Esther hated Henry until hatred was replaced with sorrow, and soon she refused to let him occupy a space in her mind at all. Each morning, she rose with the sun to whisper a prayer against his remembrance:
“Don’t think on him. Damn him as a craven but you must carry on. Don’t think on it.”
She wondered at it all, the time and distance between now and then, the unstoppable measure of days and months and years that brought her here, filthy with the rot of the forest and alone with her pain.
Again the owl questioned her, and there was an answer in the distance.
Esther filled her lungs with the acrid forest air and released it. Finding the torn hem of her skirt, she ripped off several arm-length strips of daisy-covered fabric. Looking around, she spotted a fresh hickory limb lying a few feet away.

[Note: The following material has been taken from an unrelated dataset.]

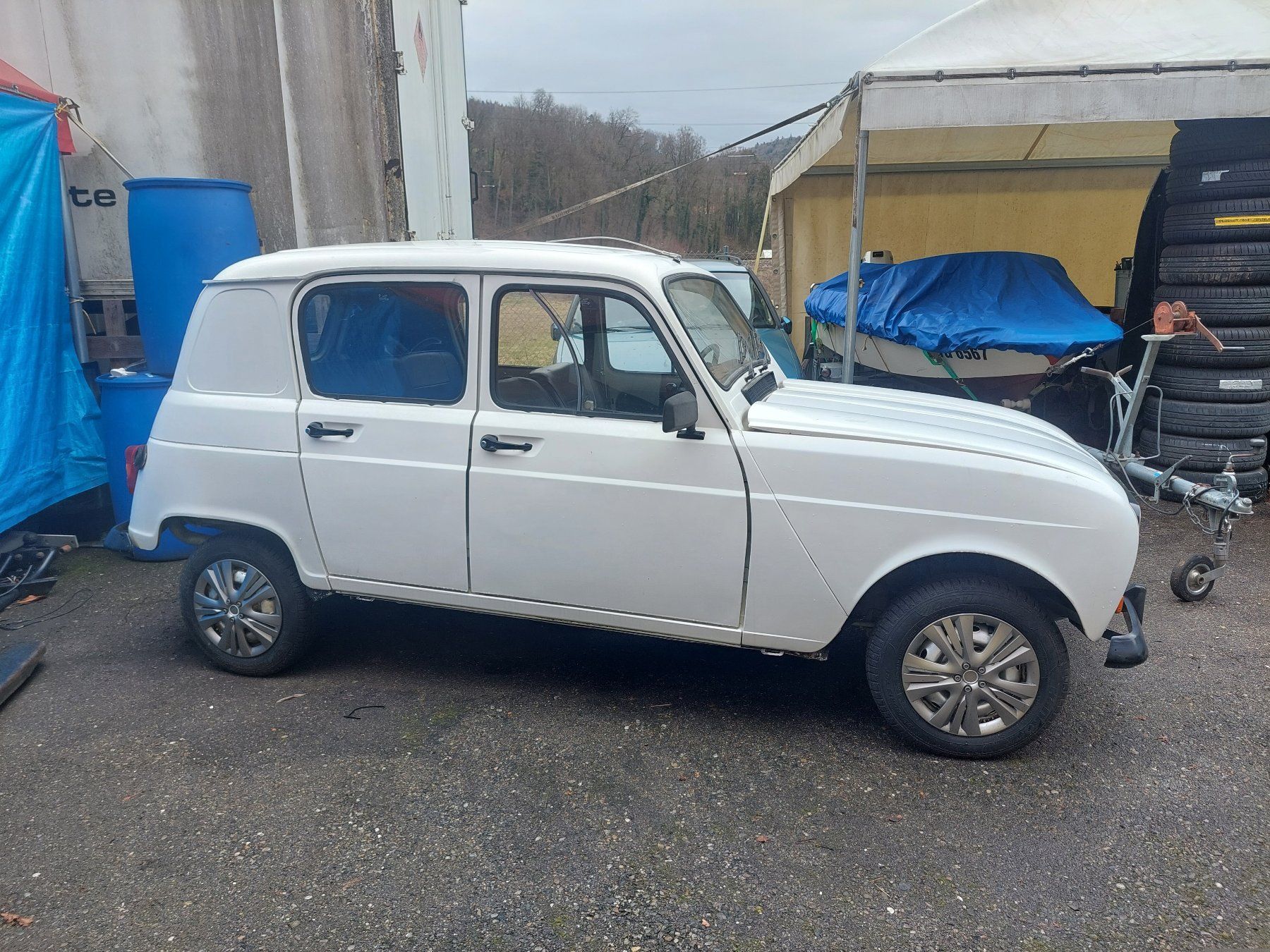 Renault Autos: Renault 4 – Gebraucht aus Elgg von  3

She dragged her body across the moist earth until she was close enough to reach it, then broke off one of the smaller branches. Pressing the stiff wood against her swollen ankle, she bound it with the strips of her skirt.
“Bandages with flowers seems about right,” she said. “It won’t stop it hurting but it’ll help me to bear it until I’m home, at least.”
She lifted her eyes along the steep rise in front of her, where the last light of evening radiated through the treetops. Her hands dug into the rich, dark earth as she pulled herself up toward the top of the ravine.